Short text fragments from websites:
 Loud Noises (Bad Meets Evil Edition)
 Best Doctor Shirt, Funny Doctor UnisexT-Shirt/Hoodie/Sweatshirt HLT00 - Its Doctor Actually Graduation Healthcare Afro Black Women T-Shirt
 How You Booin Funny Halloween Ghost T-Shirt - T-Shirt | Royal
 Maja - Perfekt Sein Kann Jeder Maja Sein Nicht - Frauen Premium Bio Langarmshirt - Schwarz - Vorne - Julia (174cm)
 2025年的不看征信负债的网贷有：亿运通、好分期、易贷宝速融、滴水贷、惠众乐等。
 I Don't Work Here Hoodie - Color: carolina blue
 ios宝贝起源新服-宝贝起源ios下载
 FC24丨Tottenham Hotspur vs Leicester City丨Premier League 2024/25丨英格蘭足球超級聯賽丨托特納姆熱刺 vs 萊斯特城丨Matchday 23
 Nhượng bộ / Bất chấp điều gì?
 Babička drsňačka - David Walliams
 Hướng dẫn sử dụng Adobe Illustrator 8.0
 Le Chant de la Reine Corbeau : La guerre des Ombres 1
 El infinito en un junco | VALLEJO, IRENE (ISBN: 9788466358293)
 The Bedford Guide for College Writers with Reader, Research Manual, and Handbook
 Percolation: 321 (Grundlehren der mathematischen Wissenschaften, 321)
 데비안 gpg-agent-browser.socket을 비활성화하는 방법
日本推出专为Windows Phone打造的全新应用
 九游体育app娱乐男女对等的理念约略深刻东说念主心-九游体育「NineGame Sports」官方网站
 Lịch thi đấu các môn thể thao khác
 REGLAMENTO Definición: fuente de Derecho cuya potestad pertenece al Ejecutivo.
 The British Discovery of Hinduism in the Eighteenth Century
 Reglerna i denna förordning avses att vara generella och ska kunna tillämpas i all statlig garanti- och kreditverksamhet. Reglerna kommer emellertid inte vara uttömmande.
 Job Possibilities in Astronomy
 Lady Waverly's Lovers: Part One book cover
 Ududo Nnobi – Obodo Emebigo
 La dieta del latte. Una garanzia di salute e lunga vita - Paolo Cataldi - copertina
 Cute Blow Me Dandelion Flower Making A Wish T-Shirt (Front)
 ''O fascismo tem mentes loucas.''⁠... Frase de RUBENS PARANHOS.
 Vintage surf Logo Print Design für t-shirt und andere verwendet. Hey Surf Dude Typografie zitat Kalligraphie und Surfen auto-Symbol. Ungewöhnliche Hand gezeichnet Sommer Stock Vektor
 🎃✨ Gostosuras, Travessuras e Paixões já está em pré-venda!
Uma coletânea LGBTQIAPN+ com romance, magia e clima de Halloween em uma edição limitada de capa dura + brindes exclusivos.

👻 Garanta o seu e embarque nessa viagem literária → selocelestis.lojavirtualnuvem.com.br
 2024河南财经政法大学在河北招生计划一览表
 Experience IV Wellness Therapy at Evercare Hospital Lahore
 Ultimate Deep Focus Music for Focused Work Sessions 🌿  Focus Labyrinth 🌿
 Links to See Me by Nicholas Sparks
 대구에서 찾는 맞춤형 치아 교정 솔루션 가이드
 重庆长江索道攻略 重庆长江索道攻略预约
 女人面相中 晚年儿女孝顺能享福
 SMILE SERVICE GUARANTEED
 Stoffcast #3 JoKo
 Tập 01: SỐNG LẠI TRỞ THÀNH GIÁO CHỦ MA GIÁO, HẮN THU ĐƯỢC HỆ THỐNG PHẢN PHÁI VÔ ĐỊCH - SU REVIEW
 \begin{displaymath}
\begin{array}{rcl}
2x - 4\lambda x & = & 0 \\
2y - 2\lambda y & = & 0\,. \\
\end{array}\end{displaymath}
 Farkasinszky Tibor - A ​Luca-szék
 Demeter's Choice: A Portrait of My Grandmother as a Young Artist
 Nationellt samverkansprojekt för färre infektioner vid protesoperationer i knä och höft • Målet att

*What needs to be done*
All lines from the one with "2024河南财经政法大学在河北招生计划一览表" onward to the end of the records above should be repeated exactly, and only those lines.

*Worked solution*
 2024河南财经政法大学在河北招生计划一览表
 Experience IV Wellness Therapy at Evercare Hospital Lahore
 Ultimate Deep Focus Music for Focused Work Sessions 🌿  Focus Labyrinth 🌿
 Links to See Me by Nicholas Sparks
 대구에서 찾는 맞춤형 치아 교정 솔루션 가이드
 重庆长江索道攻略 重庆长江索道攻略预约
 女人面相中 晚年儿女孝顺能享福
 SMILE SERVICE GUARANTEED
 Stoffcast #3 JoKo
 Tập 01: SỐNG LẠI TRỞ THÀNH GIÁO CHỦ MA GIÁO, HẮN THU ĐƯỢC HỆ THỐNG PHẢN PHÁI VÔ ĐỊCH - SU REVIEW
 \begin{displaymath}
\begin{array}{rcl}
2x - 4\lambda x & = & 0 \\
2y - 2\lambda y & = & 0\,. \\
\end{array}\end{displaymath}
 Farkasinszky Tibor - A ​Luca-szék
 Demeter's Choice: A Portrait of My Grandmother as a Young Artist
 Nationellt samverkansprojekt för färre infektioner vid protesoperationer i knä och höft • Målet att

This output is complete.